Your assignment »
Produce as output only the lines below starting at the line with "以918博天堂为核心的线上娱乐体验与全新品牌发展趋势解析观察" and continuing through the line with "e站官网下载安装教程-最新版本获取及安全安装步骤详解", each one exactly as written.

Data records »
BEGIN

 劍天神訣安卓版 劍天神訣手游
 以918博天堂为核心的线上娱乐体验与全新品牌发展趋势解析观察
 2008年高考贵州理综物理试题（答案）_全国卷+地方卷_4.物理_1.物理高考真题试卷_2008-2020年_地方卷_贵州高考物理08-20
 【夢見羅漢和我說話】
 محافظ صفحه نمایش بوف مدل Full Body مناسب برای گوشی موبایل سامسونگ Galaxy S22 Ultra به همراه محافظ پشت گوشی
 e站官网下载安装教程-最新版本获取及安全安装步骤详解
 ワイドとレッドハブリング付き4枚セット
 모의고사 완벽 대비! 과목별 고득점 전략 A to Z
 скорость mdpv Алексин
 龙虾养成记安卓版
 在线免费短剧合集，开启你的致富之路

END
BEGIN

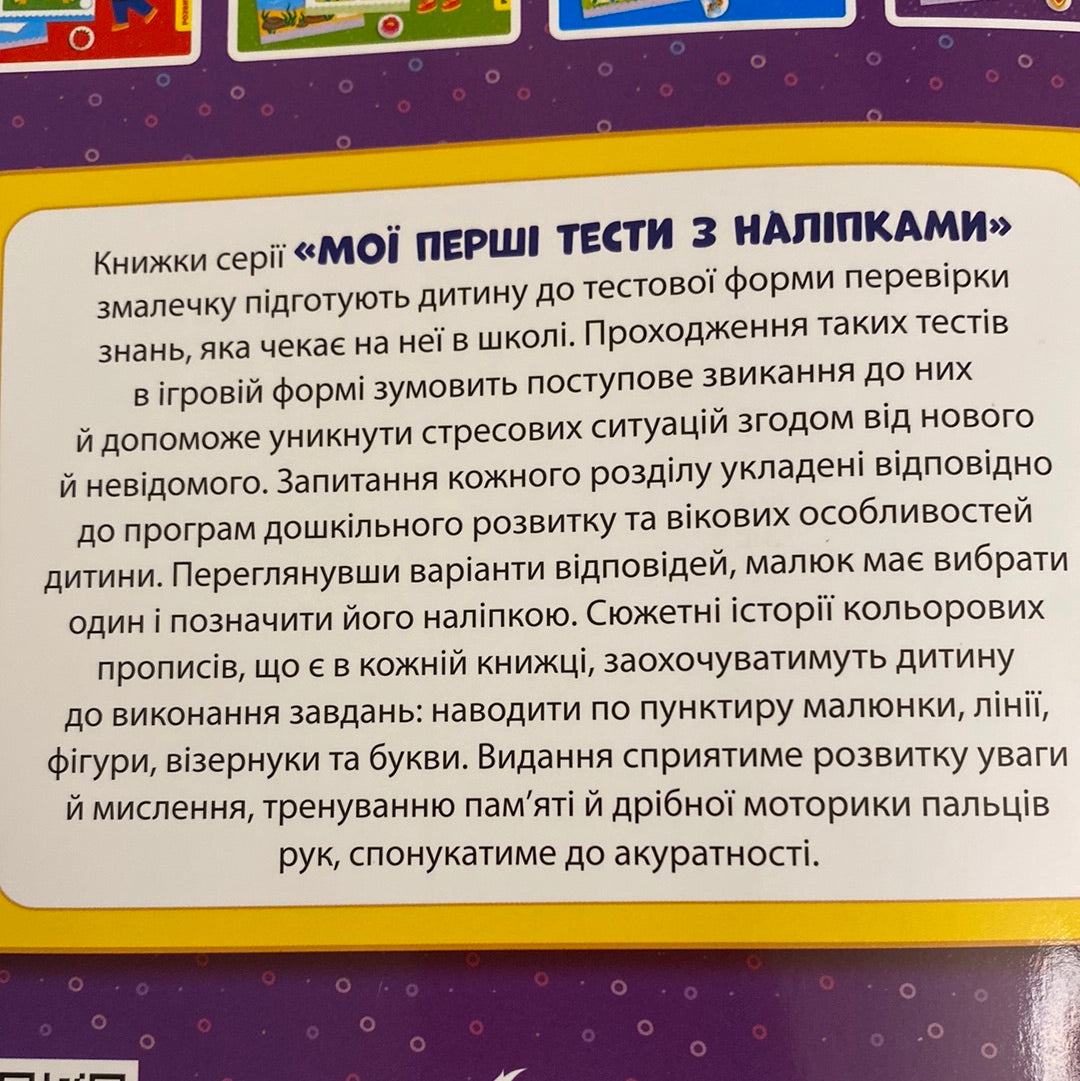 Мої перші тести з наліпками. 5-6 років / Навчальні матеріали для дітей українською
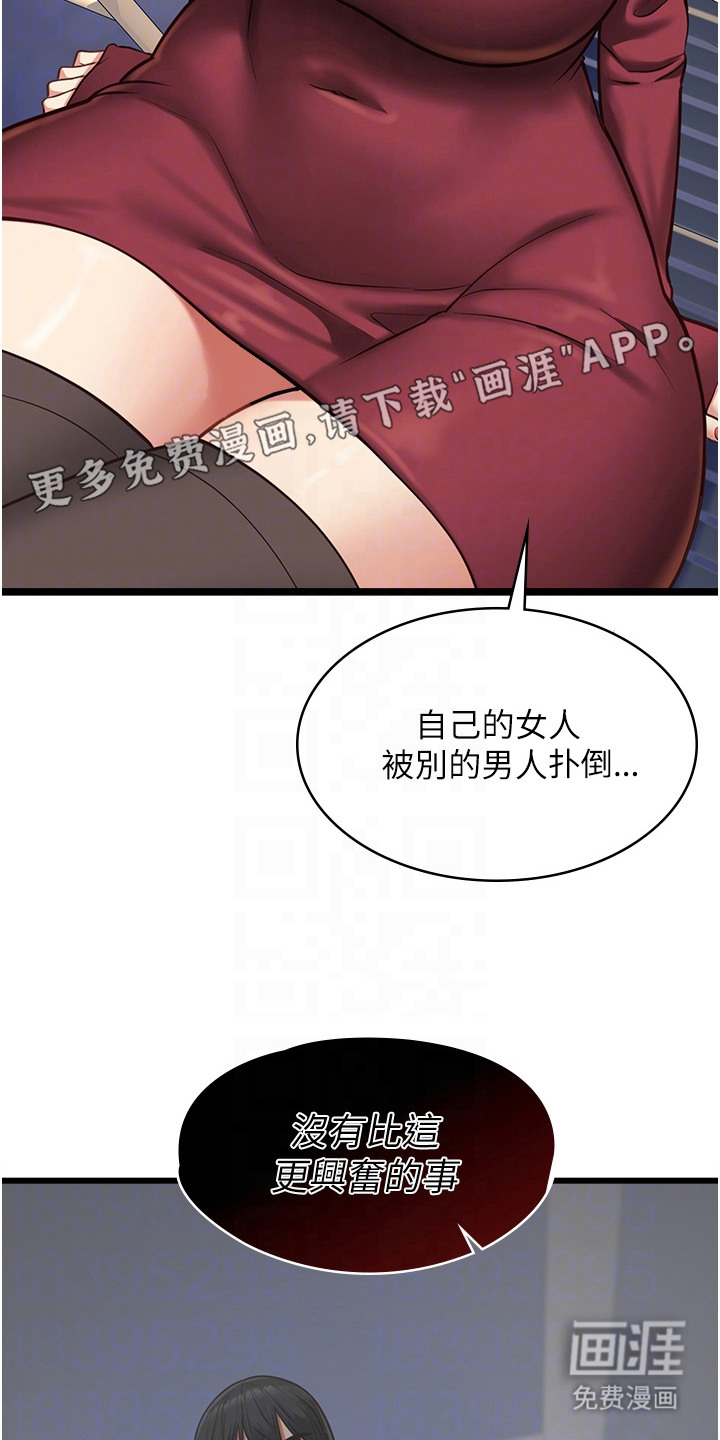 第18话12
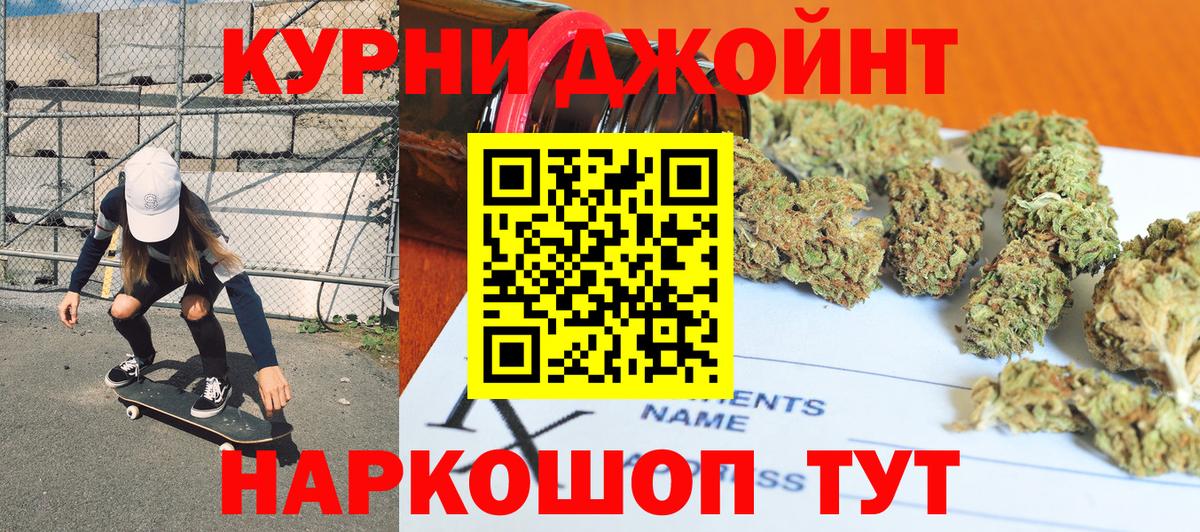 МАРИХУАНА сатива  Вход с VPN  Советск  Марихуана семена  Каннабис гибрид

END

Task result »
 以918博天堂为核心的线上娱乐体验与全新品牌发展趋势解析观察
 2008年高考贵州理综物理试题（答案）_全国卷+地方卷_4.物理_1.物理高考真题试卷_2008-2020年_地方卷_贵州高考物理08-20
 【夢見羅漢和我說話】
 محافظ صفحه نمایش بوف مدل Full Body مناسب برای گوشی موبایل سامسونگ Galaxy S22 Ultra به همراه محافظ پشت گوشی
 e站官网下载安装教程-最新版本获取及安全安装步骤详解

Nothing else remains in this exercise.